Der Band enthält 26 Beiträge von 22 Autoren, unter denen sich sowohl die Doderer-Forscher der ersten Stunde befinden, wie Dietrich Weber und Wendelin Schmidt-Dengler, Schriftsteller, die Doderer noch persönlich kannten (Friedrich Achleitner, Friedhelm Kemp und Peter Marginter), aber auch eine Vielzahl jüngerer Literaturwissenschaftler. Man könnte meinen, daß dieser von Anfang an disparate Ansatz zu einer methodischen und thematischen Vielfalt hätte führen müssen, die sich keinesfalls auf einen Nenner bringen läßt. Und dennoch war ein Fazit möglich: "Trotz signifikanter methodischer Unterschiede erschien es doch als die gemeinsame Intention aller, auf den ideologiekritischen Erkenntnissen der 70er Jahre aufbauend den Faden gerade dort wiederaufzunehmen, wo ihn die Kritiker Doderers ostentativ hatten fallen lassen: bei der Erkenntnis der Disparatheit und der Widersprüchlichkeit eines Schriftstellers, dessen ausladende und überaus komplexe Erzählweise bis heute eine Provokation der Moderne darstellt." (S. Xf.)

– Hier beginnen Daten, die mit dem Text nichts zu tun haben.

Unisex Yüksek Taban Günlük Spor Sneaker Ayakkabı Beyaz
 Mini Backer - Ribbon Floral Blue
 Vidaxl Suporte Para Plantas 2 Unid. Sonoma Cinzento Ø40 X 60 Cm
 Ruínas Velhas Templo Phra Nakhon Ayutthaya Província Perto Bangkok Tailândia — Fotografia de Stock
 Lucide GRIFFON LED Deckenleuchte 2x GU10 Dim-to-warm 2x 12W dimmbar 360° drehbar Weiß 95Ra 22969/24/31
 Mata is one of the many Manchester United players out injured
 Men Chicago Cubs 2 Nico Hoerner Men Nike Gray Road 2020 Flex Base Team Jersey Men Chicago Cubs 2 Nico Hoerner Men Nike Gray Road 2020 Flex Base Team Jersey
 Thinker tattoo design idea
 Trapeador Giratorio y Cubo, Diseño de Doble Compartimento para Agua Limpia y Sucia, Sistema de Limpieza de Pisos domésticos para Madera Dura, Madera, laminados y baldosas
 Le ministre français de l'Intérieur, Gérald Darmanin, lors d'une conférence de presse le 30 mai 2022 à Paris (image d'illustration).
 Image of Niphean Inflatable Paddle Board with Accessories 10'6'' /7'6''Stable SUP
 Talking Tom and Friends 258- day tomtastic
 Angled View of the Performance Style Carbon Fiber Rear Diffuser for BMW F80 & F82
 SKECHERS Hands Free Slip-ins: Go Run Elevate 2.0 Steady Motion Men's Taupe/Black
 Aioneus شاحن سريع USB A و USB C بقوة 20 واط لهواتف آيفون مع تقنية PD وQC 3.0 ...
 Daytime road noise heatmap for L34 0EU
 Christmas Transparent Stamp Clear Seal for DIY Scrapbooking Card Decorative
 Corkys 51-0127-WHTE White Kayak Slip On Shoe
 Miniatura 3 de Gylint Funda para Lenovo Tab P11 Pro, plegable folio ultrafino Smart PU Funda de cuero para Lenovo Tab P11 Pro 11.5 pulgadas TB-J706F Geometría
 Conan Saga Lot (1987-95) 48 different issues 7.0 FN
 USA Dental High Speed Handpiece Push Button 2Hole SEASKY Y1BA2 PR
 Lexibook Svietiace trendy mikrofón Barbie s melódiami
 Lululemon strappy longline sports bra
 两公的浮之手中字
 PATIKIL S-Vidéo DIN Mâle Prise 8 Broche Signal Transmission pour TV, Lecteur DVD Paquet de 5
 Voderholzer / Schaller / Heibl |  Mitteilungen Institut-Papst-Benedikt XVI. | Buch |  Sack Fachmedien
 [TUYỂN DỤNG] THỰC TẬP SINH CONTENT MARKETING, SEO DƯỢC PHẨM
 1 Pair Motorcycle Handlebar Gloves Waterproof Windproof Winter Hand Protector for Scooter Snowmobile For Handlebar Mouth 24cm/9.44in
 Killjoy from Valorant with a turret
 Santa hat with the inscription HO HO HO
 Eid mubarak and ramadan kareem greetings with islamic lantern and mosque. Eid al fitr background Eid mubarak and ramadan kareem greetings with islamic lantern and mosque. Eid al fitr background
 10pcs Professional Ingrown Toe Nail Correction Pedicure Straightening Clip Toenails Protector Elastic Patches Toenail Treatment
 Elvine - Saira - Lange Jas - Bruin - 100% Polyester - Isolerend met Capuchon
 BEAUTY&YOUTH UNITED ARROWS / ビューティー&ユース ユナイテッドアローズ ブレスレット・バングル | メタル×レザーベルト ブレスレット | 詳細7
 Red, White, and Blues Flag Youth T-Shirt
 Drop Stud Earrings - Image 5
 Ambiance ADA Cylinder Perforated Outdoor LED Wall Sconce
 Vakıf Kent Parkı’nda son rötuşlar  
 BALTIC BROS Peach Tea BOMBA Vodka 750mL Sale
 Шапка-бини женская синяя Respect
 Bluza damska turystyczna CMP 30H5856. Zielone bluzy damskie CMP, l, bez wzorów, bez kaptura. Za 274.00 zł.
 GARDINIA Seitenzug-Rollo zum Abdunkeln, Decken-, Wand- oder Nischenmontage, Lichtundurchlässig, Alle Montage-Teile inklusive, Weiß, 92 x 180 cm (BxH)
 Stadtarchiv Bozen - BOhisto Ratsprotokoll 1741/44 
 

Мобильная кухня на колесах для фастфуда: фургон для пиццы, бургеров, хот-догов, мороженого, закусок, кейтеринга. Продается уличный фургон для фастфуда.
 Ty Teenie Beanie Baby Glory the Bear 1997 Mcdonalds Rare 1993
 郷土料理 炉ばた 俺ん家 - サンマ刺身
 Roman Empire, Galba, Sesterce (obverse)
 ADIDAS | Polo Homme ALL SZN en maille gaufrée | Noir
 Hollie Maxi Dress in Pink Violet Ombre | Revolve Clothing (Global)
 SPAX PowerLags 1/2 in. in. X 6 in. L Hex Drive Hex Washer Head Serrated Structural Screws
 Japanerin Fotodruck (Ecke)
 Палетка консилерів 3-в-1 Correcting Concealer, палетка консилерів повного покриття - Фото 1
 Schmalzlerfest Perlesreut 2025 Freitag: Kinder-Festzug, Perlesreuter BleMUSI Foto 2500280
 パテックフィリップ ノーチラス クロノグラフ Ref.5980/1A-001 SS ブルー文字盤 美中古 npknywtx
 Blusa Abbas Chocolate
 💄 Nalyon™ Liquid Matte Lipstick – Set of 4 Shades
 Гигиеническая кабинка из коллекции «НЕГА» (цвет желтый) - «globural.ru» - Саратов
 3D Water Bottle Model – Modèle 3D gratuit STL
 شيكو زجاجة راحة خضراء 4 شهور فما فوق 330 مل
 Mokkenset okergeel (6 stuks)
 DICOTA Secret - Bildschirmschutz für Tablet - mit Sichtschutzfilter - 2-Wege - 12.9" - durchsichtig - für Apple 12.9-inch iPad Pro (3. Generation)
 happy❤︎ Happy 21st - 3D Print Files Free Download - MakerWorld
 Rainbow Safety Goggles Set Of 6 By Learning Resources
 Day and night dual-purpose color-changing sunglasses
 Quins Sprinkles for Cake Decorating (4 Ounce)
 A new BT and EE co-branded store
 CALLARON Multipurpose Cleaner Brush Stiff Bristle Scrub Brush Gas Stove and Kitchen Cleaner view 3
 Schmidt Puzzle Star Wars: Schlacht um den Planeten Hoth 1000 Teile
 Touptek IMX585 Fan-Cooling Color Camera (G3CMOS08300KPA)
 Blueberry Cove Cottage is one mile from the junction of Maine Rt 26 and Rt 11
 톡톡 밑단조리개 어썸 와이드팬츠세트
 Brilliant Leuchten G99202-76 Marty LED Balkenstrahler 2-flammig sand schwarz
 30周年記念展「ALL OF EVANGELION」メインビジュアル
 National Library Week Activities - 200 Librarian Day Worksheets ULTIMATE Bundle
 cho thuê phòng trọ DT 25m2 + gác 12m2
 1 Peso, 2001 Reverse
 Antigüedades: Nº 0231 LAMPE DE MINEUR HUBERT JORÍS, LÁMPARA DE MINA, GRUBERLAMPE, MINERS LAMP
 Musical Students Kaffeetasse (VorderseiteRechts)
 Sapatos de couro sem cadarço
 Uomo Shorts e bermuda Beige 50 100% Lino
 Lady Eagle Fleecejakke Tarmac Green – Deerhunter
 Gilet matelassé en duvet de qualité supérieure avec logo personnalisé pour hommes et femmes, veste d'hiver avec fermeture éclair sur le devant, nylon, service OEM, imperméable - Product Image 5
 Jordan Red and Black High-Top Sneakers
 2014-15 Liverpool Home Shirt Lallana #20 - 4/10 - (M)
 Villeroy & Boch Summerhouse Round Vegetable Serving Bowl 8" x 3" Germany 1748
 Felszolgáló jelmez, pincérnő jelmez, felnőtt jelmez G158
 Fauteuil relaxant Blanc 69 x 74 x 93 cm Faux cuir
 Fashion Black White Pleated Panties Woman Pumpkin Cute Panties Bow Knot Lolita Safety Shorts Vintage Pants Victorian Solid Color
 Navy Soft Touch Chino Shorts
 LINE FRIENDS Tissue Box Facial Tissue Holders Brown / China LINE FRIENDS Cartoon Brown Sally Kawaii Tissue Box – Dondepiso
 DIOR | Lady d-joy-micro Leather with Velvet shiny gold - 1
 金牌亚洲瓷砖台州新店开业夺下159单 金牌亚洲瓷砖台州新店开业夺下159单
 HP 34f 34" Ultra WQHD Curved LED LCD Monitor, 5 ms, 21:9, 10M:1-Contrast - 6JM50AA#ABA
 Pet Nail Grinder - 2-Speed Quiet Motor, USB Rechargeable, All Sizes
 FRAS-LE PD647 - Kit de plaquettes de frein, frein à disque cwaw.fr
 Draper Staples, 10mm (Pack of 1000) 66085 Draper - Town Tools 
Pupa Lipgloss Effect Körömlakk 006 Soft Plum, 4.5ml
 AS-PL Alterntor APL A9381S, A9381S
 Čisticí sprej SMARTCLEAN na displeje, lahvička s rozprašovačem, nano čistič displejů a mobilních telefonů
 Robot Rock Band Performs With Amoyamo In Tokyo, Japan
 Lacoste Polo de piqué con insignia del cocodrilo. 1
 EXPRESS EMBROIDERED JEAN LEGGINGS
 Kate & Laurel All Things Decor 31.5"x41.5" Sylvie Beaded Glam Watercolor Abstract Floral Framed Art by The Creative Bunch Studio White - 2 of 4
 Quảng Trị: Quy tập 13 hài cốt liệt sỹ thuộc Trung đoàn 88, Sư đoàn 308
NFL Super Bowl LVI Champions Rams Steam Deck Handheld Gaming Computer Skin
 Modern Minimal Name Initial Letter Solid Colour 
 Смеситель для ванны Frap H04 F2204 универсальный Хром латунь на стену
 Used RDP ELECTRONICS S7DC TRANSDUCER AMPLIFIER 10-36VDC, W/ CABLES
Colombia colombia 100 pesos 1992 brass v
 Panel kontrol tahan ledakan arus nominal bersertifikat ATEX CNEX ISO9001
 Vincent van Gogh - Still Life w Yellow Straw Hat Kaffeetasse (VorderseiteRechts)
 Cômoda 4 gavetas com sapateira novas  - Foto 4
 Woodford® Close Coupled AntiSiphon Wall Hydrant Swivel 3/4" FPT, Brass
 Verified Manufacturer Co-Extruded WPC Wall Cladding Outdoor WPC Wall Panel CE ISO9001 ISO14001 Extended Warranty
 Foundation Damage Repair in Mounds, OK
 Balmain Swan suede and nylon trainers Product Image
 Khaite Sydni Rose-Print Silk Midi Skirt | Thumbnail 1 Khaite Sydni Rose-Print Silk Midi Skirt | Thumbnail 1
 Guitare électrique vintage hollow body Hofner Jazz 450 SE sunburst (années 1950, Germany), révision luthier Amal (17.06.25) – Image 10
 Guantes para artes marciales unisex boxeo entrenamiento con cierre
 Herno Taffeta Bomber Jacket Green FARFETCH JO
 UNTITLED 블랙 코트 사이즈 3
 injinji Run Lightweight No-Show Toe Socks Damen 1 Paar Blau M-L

Neben dieser Hauptachse gibt es jedoch genug ,Excentrisches' (im oben erwähnten Sinne des scheinbar Periphären und Nebensächlichen), das Interesse verdient. Bereits am Anfang formuliert Adolf Haslinger entscheidende Fragen nach der tatsächlichen Renaissance Doderers und nach seiner Aktualität, mit anderen Worten: "In welcher Weise existiert Doderer heute noch in den Köpfen der Leser und Autoren?" (S. 1) Als besonders wichtig für die zukünftige Beschäftigung mit Doderer erscheinen ihm folgende drei Aspekte: ein radikales Überdenken des Methodenspektrums, die erneute Lektüre auch der "uns anscheinend längst bekannten Texte" sowie ein neues, "präzises Instrumentarium [...], das Doderer und seiner literarischen Leistung gerecht wird" (S. 11). Rudolf Helmstetter konzentriert sich auf Doderers unleugbare Modernität, zumal, wie er feststellt, eine "neue, unbefangenere Lesergeneration herangewachsen ist" (S. 12). Nicht mehr das Dilemma "traditionell" versus "modern" soll diese erneute Lektüre bestimmen, mit Recht könne Doderer als "Zerrüttmeister des realistischen Schreibens" (S. 19) gesehen werden, der durch seine "transnarrative" Schreibweise ein "ludistisch-systematische[s] Umspielen [...] des Erzählten" provoziert (S. 23).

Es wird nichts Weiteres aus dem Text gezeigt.